How much you need to put away to build up this amount
To build up to $85,000 in 20 years time, you can put your money in various wealth building methods. If we do not go into that discussion, we can generically say different wealth building methods produced different annual compounded rate of return.
The table above shows the different rate of return and the amount required to channel to building up annually and monthly.
You will notice that the monthly amount is manageable at $354 versus $214 between a 0% return and a 5% return. That is the difference between your money rotting in a 0.05% savings account and using the STI ETF as your wealth building method.
Even with a 5% return you still need $214.
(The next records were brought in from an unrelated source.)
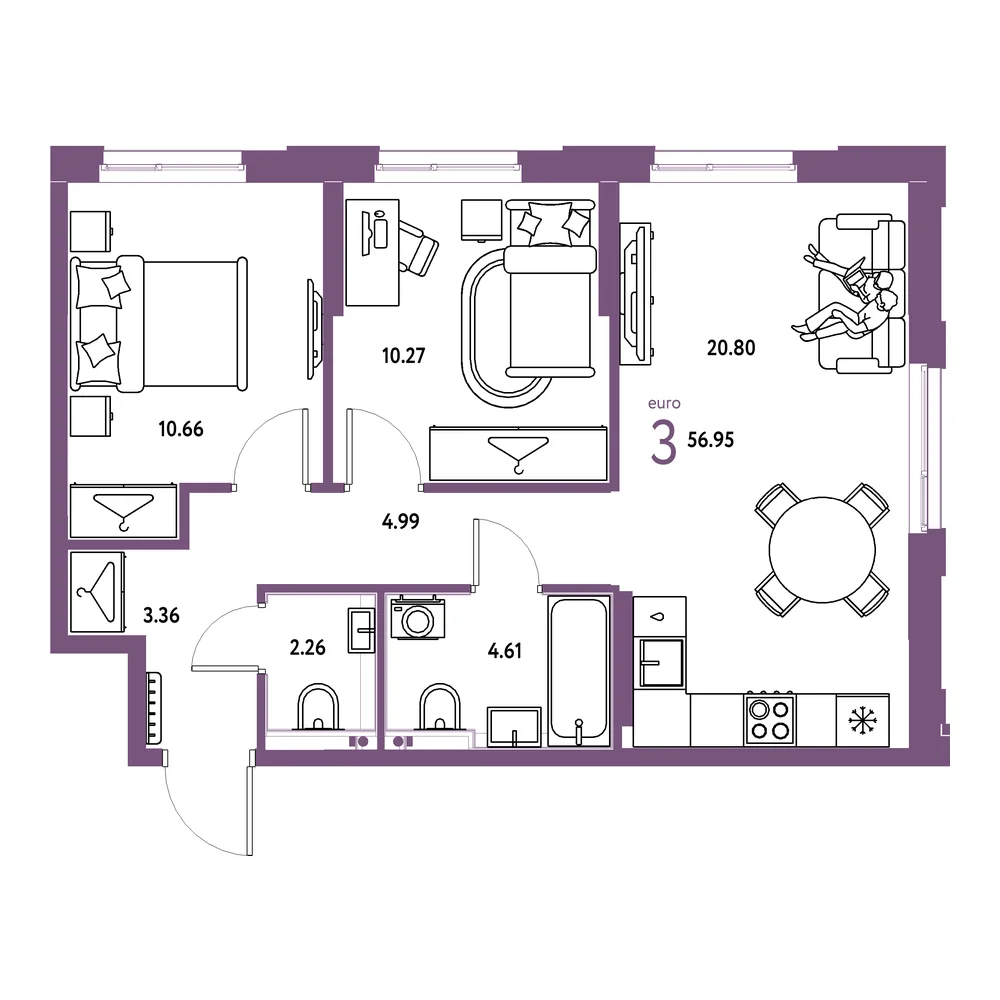 Планировка: Европейский берег 2.0 3-комнатная 56,95м²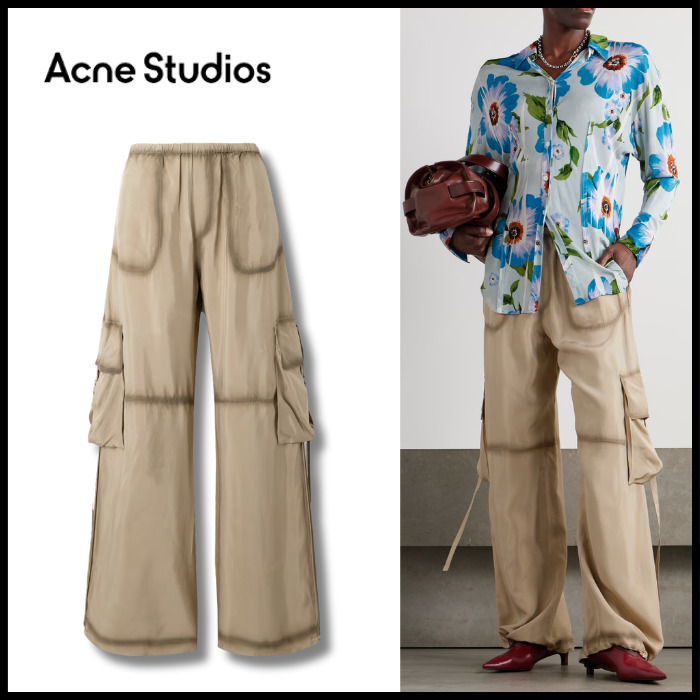 【ACNE STUDIOS】 サテンツイル ワイドカーゴパンツ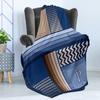 Ambesonne Letter P Throw Blanket, Gradient Colors and Curvy Leafs Stylish ABC with Abstract and Modern Art, Flannel Fleece Accent Piece Soft Couch Cover for Adults, 70" x 90", Night Blue Eggshell view 3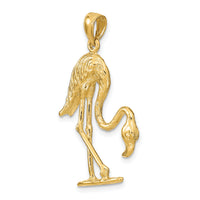 14K 3-D Textured Flamingo Charm-K6582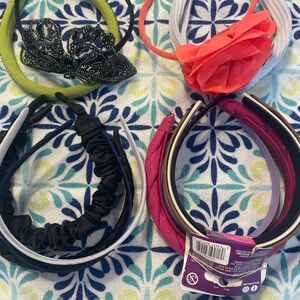 15 Assorted Women’s Headbands Bundle - Pink, Coral, Black, Lime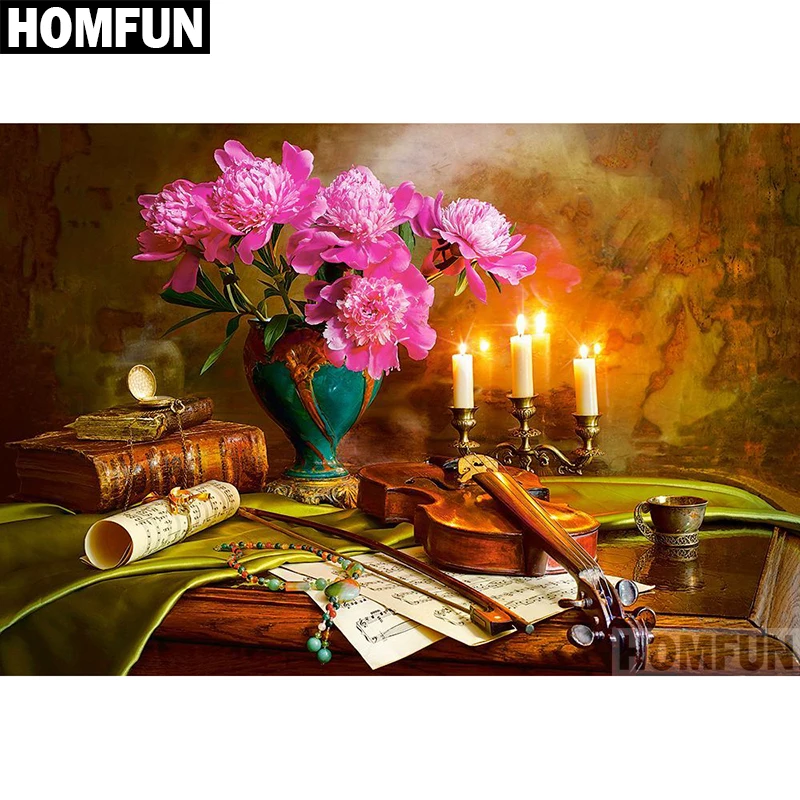 Алмазная живопись HOMFUN A04038 полноразмерная/круглая вышивка цветочные свечи 5D для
The take away is this: What is important is to establish that commitment. That discipline. That automation to channel a sum of money monthly to reach $85,000. Even if your money rots in a separate savings account, you still reach your end goal. Even if your returns are great at 6%, you still need to put away $192, which is 56% of the amount required if the rate of return is 0%.
If you don’t start, you are going to regret it later as you need a much larger amount from your take home pay to fund the education. By then you may not have the flexibility to allocate more due to more demanding life.
Save your increment for this
If you cannot free up more money from your expenses to save for the child’s future education, consider saving your increment instead. A couple earning $3000 each and taking home $2400 each can have $144 increment per month combined at a 3% increment rate.
Instead of lamenting this small amount is rather useless, funnel this to your child’s tertiary education. It creates lesser impact on your current expenses, and you don’t have to wreck your brains what to cut.
Automate channelling to your Wealth Fund
By using higher return assets like insurance endowment or an exchange traded fund like the STI ETF, you can build a larger education fund, providing more flexibility 20 years later. However, you do not have to be ‘forced’ to make a decision by your insurance agent or broker.
You can set up another bank account 2 which you funnel part of your take home pay deposited in bank account 1 to be used to pay for the insurance policies or other assets.
Almost all banks lets you set up a automated scheduled transfer, which you can set up on your pay day on the 15th before you use the money. Better yet, transfer the expenses money to a bank account 3 and only spend bank account 3.
This way you know that, if you channel $354.17 to bank account 2 automatically for 20 years, you are more or less set. Remember, don’t create a credit card, debit card, ATM for that account. Make it difficult for you to tap that money.
Buying an insurance saving plan is not the most important point
There is an invisible narrative that to save for your child’s education you need a children insurance plan. I believe there is very little special between an education savings policy and a traditional savings policy.
Across all different companies, the insurance policy tend to be apples, oranges and pears. They don’t want you to compare and you will realize they have some different little features. If we categorize them, it is whether they have pay outs every x years, how many years you need to service the premiums.
The above table comparison is generated from DIYInsurance.com.sg , where you can compare across various traditional insurance savings plans, but also children’s savings plans, then buy them from DIYInsurance.
The crux here is that what they tried to do is to use the projected (meaning they say with assumptions you will get so much, in actual fact your mileage may vary) returns of each policy to generate the Internal rate of return (IRR) to get a fair dollar value comparison. IRR computation is what we are taught in finance to compare different kind of assets and evaluate which one yields a better return (e.g compare a golden goose to a donkey)
Projected wise almost all returns are around 3.7%. This coincide with my table above that you need to contribute $250 per month to reach your goal. That is just a difference of $100, which is not very significant for middle income household.
Focus on the important thing here, which is getting started and setting up a sound automated bank account transfer plan and you should not be too far off track. If you have difficulty, pledge your future increments towards it. But perhaps learn to live more frugally for the sake of your child’s future.
What i felt is more important is to bring up children with character, humility and perseverance and with that you get children that they may be able to fund their own education.
Talking is easy. Doing is another matter all together. Kyith salutes all parents making efforts bringing up their children in each of their own way.